Armenia, another former Soviet state, is quickly ditching Russian support in favour of Western aid in the face of renewed Azerbaijani aggression. Early this year, Armenian Prime Minister Nikol Pashinyan announced that Armenia had refused to participate in the Collective Security Treaty Organisation, the Russian-led answer to NATO. The pivot away from Russian security was a surprising break in a longstanding relationship between Yerevan and Moscow. Seeing an opportunity, the United States and France in particular are seeking to fill this void; Directly after the statement from Armenia that the country will not be a part of CTSO, the French Armed Forces Minister visited Armenia to discuss strengthening defensive ties. Armenia desires Western support to bolster its military, requiring more support than Russia could accommodate, to even power discrepancies between itself and Azerbaijan in an attempt to stave off invasion.
Armenia is wary of Azerbaijan's aggressive posture, of particular concern is that an invasion might be launched to take the geopolitically significant Zangezur corridor in southern Armenia. Such a move would finally connect greater Azerbaijan with the Nakhichevan Autonomous Republic, an Azerbaijan exclave located in southwest Armenia. If Azerbaijan controls the corridor, then they will share a border with Turkey, unlocking direct rail and road links between the two Turkic nations. This has been deemed an important issue for Turkish President Recep Tayyip Erdogan who vigorously pursues what has been coined the pan-Turkic project. Armenia obviously does not want to be steamrolled in the creation of Turkic NATO and Russia does not want growing Turkish influence swelling in its Central Asian underbelly.

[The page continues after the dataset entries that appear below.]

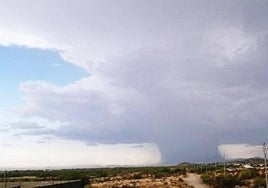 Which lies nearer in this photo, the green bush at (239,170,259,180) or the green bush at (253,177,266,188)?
the green bush at (253,177,266,188)

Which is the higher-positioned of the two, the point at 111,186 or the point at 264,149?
the point at 264,149

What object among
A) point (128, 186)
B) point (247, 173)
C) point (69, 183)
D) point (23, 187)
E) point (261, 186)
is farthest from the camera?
point (247, 173)

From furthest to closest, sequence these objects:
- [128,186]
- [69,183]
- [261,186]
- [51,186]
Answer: [128,186] < [261,186] < [69,183] < [51,186]

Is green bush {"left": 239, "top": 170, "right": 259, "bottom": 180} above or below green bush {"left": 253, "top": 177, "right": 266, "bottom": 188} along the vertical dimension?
above

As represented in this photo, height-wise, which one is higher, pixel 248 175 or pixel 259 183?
pixel 248 175

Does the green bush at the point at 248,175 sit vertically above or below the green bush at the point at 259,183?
above

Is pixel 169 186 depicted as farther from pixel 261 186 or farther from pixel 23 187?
pixel 23 187

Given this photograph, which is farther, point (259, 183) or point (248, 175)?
point (248, 175)

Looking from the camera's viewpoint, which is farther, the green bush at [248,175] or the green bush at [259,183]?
the green bush at [248,175]

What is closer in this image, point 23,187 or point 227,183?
point 23,187

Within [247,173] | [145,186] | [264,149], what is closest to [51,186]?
[264,149]

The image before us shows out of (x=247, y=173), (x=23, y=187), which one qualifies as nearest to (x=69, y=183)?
(x=23, y=187) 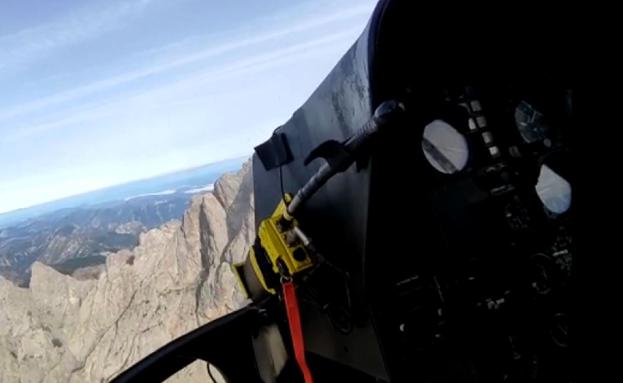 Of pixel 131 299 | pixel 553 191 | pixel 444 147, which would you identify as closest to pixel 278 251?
pixel 444 147

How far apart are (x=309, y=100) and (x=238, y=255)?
50.1ft

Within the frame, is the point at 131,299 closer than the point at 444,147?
No

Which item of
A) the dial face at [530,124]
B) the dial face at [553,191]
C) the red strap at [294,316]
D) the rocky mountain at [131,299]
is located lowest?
the rocky mountain at [131,299]

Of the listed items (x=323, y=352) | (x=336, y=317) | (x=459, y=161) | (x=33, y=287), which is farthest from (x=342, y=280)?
(x=33, y=287)

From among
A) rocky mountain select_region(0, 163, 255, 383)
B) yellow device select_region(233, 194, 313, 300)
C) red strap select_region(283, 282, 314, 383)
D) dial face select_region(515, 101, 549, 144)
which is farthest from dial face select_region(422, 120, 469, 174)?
rocky mountain select_region(0, 163, 255, 383)

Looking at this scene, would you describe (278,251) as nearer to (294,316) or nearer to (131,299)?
(294,316)

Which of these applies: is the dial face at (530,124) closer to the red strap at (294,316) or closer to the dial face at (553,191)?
the dial face at (553,191)

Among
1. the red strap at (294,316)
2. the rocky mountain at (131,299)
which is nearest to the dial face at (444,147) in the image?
the red strap at (294,316)

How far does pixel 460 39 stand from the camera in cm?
147

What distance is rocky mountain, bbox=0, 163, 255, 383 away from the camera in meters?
13.9

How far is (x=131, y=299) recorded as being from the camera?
16312 mm

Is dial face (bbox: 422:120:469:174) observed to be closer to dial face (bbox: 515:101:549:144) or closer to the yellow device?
dial face (bbox: 515:101:549:144)

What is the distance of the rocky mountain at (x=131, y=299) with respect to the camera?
45.6ft

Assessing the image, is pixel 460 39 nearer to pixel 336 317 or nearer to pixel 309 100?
pixel 309 100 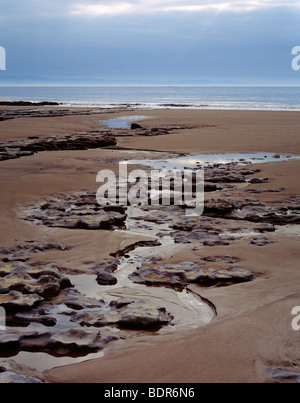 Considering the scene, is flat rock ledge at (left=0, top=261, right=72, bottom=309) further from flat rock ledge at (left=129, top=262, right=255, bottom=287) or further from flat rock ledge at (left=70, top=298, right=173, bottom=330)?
flat rock ledge at (left=129, top=262, right=255, bottom=287)

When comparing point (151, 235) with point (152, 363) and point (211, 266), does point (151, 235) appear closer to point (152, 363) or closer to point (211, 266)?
point (211, 266)

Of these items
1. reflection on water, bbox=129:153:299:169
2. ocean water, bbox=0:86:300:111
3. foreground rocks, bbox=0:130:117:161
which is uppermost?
ocean water, bbox=0:86:300:111

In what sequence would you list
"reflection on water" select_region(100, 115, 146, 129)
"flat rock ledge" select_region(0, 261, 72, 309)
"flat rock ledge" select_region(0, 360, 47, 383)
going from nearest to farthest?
"flat rock ledge" select_region(0, 360, 47, 383)
"flat rock ledge" select_region(0, 261, 72, 309)
"reflection on water" select_region(100, 115, 146, 129)

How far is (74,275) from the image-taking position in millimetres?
4418

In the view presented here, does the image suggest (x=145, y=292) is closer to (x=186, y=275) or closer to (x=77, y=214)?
(x=186, y=275)

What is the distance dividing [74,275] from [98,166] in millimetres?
6001

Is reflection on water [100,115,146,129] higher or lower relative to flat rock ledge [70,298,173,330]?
higher

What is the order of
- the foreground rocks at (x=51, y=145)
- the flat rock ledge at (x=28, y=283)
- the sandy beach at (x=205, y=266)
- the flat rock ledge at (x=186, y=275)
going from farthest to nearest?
the foreground rocks at (x=51, y=145)
the flat rock ledge at (x=186, y=275)
the flat rock ledge at (x=28, y=283)
the sandy beach at (x=205, y=266)

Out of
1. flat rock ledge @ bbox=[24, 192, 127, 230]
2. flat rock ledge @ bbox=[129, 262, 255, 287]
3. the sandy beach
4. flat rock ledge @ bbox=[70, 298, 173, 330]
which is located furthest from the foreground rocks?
flat rock ledge @ bbox=[70, 298, 173, 330]

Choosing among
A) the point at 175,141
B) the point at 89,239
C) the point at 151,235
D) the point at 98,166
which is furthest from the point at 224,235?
the point at 175,141

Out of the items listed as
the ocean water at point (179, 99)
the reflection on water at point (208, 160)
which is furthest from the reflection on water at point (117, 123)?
the ocean water at point (179, 99)

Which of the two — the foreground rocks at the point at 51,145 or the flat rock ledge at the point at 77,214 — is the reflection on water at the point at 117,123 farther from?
the flat rock ledge at the point at 77,214

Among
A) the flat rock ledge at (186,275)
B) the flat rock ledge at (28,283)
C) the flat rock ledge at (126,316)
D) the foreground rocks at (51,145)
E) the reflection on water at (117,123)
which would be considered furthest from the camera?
the reflection on water at (117,123)

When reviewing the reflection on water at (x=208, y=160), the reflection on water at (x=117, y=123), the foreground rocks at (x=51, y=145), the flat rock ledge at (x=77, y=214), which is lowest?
the flat rock ledge at (x=77, y=214) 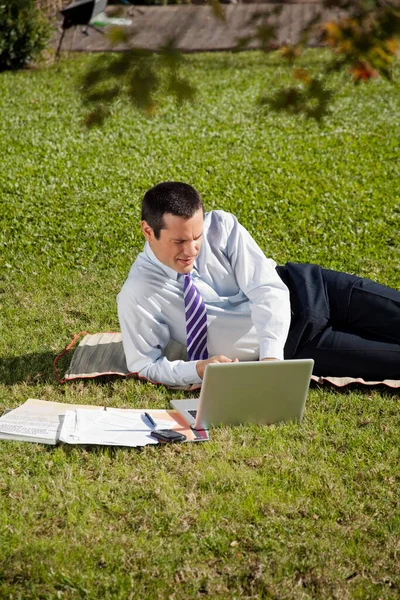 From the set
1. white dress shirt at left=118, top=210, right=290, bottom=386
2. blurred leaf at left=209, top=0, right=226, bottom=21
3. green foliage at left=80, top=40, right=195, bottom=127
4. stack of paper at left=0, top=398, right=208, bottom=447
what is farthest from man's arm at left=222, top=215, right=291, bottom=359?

All this considered, Russia is in a tough spot and NATO seeks to exploit this. Russian forces may be chipping away making slow but consistent progress in the far more difficult than expected Ukrainian Special Military Operation, but the West is seeking to make strategic advancements on Russia’s flanks. Russia for a long time has sought to maintain its influence in the region, brokering peace and meditating ceasefires in the Nagorno-Karabakh war between Armenia and Azerbaijan as well as the direct invasion of Georgia back in 2008, enforcing peace amongst Georgia and self-proclaimed breakaway republics South Ossetia and Abkhazia.

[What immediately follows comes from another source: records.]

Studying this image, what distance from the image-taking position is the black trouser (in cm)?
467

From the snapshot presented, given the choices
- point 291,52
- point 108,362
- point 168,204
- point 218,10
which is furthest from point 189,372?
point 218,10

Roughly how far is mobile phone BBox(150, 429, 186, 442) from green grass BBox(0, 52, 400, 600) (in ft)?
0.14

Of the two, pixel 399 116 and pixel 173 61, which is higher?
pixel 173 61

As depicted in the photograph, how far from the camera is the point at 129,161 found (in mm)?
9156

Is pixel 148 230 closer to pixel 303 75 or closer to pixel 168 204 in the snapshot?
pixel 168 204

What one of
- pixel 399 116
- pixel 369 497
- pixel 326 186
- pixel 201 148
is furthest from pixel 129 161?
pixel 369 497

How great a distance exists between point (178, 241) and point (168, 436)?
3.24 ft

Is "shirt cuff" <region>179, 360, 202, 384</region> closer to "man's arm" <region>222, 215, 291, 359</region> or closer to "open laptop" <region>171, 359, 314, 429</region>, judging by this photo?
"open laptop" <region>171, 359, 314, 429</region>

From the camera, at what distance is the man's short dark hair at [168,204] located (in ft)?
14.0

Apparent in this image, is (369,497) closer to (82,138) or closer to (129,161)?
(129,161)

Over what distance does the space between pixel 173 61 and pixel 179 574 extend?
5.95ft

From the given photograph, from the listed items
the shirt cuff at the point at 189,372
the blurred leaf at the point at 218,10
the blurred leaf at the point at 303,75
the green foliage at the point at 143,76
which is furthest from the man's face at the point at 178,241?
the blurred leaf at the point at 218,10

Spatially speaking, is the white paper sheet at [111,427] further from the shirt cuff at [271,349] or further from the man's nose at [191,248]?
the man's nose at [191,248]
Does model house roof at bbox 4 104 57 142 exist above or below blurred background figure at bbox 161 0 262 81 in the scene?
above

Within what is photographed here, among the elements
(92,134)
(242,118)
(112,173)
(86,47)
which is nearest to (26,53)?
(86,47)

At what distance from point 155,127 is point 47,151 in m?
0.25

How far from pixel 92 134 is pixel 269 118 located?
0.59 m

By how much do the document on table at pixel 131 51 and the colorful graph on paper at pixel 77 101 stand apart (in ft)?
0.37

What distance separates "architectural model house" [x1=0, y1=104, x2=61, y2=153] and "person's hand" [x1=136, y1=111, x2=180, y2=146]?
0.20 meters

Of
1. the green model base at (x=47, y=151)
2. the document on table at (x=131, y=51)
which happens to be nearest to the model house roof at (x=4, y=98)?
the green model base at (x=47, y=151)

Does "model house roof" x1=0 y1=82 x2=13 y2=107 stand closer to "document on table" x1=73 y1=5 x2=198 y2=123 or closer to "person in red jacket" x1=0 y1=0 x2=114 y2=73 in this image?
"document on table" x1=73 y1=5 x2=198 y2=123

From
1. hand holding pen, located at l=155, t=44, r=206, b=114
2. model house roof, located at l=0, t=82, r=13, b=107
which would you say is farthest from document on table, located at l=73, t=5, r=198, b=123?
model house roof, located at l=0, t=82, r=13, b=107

This Russian political behaviour follows the Primakov doctrine, which advises that for Russia to carry political weight in a multipolar world then, among other principles, dominance of post-Soviet territory is a necessity. Using the lens of the Primakov doctrine we understand the significance of Georgia and Armenia in this chess match. Russia can see the fall of the Caucasus provide a launching pad for hostile powers to agitate Russia’s Central Asian region. But with so many resources dedicated to Ukraine, it will be enthralling to see if the Kremlin can continue to keep the West out of the Caucasus. The October 2024 Georgian election will act as a litmus test, as will monitoring how Armenia’s relations with the West develop, especially if confronted by aggressive Azerbaijani rhetoric.